Okay I might be too harsh. I just don't really like untidy ideas or something (ocdc) arzhang2001 wrote: 2.You claim that every rational number greater than $4/t$ can be written as $\frac{a + b}{ab}$. This is obviously false. i going to prove it true.(i wrongly say fix $a+b$) $\frac{a+b}{ab}=\frac{t}{ab}=\frac{p}{q} \implies $$ ab=a(t-a)=\frac{p}{qt}$ which $p ,q$ arbitrary . you can choose $t$ which this quadratic equation have root. 1. arbitrary number? Must there exists one?

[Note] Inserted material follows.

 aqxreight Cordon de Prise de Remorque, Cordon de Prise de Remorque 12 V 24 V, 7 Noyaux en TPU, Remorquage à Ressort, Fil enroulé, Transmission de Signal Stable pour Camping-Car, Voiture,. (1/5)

I dont see any use or $r$ in the following arguments. 2. $ab = a(t - a) = \frac{p}{qt}$ does has a root, but not necessarily "rational" root. 3. I'm sorry for your ADHD. But instead of saying "easy solution" for an N6 problem, please just state I have an idea or something, if you thinj that would work but not sure about the gap things. It seems annoying for others.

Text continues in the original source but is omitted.